* Work request
Every record that appears below should be transcribed exactly.

* Exercise inputs
:::

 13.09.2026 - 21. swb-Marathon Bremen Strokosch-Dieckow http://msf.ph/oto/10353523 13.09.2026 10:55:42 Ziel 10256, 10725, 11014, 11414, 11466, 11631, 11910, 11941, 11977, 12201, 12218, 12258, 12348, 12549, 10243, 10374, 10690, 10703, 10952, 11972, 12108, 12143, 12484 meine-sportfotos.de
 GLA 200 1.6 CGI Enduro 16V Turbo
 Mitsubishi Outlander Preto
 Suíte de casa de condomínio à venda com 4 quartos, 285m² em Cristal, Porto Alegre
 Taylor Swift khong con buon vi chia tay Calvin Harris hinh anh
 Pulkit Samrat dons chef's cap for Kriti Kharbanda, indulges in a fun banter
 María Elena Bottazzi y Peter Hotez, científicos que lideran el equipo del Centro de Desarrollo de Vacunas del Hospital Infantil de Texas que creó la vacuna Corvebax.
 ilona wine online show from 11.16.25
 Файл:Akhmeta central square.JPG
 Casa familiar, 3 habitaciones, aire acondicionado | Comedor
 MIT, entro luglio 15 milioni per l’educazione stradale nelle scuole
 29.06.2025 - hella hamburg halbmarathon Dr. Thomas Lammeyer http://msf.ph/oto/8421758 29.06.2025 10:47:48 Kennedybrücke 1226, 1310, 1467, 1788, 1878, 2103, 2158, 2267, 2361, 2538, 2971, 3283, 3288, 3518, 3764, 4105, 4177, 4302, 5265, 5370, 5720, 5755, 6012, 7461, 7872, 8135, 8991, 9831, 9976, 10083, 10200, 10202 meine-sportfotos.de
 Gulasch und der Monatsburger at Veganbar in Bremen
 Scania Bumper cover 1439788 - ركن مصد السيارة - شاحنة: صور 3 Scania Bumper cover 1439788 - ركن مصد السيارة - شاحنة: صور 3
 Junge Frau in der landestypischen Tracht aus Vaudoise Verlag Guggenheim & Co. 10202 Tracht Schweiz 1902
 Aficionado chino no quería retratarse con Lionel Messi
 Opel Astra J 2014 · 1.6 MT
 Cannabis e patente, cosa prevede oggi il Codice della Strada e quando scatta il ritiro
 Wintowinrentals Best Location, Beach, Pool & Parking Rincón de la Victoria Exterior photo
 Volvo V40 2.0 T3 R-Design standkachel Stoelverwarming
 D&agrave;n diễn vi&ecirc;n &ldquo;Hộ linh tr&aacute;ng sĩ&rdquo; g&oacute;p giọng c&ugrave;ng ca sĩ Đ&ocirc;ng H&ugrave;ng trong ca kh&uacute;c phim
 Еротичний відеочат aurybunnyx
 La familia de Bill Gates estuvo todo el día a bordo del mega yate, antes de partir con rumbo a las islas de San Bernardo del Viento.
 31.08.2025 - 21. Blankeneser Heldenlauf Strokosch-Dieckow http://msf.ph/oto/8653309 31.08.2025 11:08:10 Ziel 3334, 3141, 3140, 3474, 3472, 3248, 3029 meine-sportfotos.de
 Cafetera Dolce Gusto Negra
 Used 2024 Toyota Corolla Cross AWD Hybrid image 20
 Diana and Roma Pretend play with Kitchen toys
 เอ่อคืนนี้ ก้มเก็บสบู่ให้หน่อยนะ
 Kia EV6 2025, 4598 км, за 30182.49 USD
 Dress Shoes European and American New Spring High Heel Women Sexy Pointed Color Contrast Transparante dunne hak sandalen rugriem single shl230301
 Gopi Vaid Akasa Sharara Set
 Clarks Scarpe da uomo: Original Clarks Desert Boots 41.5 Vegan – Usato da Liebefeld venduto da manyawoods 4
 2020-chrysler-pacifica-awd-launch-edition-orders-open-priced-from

:::

* Completed task
 13.09.2026 - 21. swb-Marathon Bremen Strokosch-Dieckow http://msf.ph/oto/10353523 13.09.2026 10:55:42 Ziel 10256, 10725, 11014, 11414, 11466, 11631, 11910, 11941, 11977, 12201, 12218, 12258, 12348, 12549, 10243, 10374, 10690, 10703, 10952, 11972, 12108, 12143, 12484 meine-sportfotos.de
 GLA 200 1.6 CGI Enduro 16V Turbo
 Mitsubishi Outlander Preto
 Suíte de casa de condomínio à venda com 4 quartos, 285m² em Cristal, Porto Alegre
 Taylor Swift khong con buon vi chia tay Calvin Harris hinh anh
 Pulkit Samrat dons chef's cap for Kriti Kharbanda, indulges in a fun banter
 María Elena Bottazzi y Peter Hotez, científicos que lideran el equipo del Centro de Desarrollo de Vacunas del Hospital Infantil de Texas que creó la vacuna Corvebax.
 ilona wine online show from 11.16.25
 Файл:Akhmeta central square.JPG
 Casa familiar, 3 habitaciones, aire acondicionado | Comedor
 MIT, entro luglio 15 milioni per l’educazione stradale nelle scuole
 29.06.2025 - hella hamburg halbmarathon Dr. Thomas Lammeyer http://msf.ph/oto/8421758 29.06.2025 10:47:48 Kennedybrücke 1226, 1310, 1467, 1788, 1878, 2103, 2158, 2267, 2361, 2538, 2971, 3283, 3288, 3518, 3764, 4105, 4177, 4302, 5265, 5370, 5720, 5755, 6012, 7461, 7872, 8135, 8991, 9831, 9976, 10083, 10200, 10202 meine-sportfotos.de
 Gulasch und der Monatsburger at Veganbar in Bremen
 Scania Bumper cover 1439788 - ركن مصد السيارة - شاحنة: صور 3 Scania Bumper cover 1439788 - ركن مصد السيارة - شاحنة: صور 3
 Junge Frau in der landestypischen Tracht aus Vaudoise Verlag Guggenheim & Co. 10202 Tracht Schweiz 1902
 Aficionado chino no quería retratarse con Lionel Messi
 Opel Astra J 2014 · 1.6 MT
 Cannabis e patente, cosa prevede oggi il Codice della Strada e quando scatta il ritiro
 Wintowinrentals Best Location, Beach, Pool & Parking Rincón de la Victoria Exterior photo
 Volvo V40 2.0 T3 R-Design standkachel Stoelverwarming
 D&agrave;n diễn vi&ecirc;n &ldquo;Hộ linh tr&aacute;ng sĩ&rdquo; g&oacute;p giọng c&ugrave;ng ca sĩ Đ&ocirc;ng H&ugrave;ng trong ca kh&uacute;c phim
 Еротичний відеочат aurybunnyx
 La familia de Bill Gates estuvo todo el día a bordo del mega yate, antes de partir con rumbo a las islas de San Bernardo del Viento.
 31.08.2025 - 21. Blankeneser Heldenlauf Strokosch-Dieckow http://msf.ph/oto/8653309 31.08.2025 11:08:10 Ziel 3334, 3141, 3140, 3474, 3472, 3248, 3029 meine-sportfotos.de
 Cafetera Dolce Gusto Negra
 Used 2024 Toyota Corolla Cross AWD Hybrid image 20
 Diana and Roma Pretend play with Kitchen toys
 เอ่อคืนนี้ ก้มเก็บสบู่ให้หน่อยนะ
 Kia EV6 2025, 4598 км, за 30182.49 USD
 Dress Shoes European and American New Spring High Heel Women Sexy Pointed Color Contrast Transparante dunne hak sandalen rugriem single shl230301
 Gopi Vaid Akasa Sharara Set
 Clarks Scarpe da uomo: Original Clarks Desert Boots 41.5 Vegan – Usato da Liebefeld venduto da manyawoods 4
 2020-chrysler-pacifica-awd-launch-edition-orders-open-priced-from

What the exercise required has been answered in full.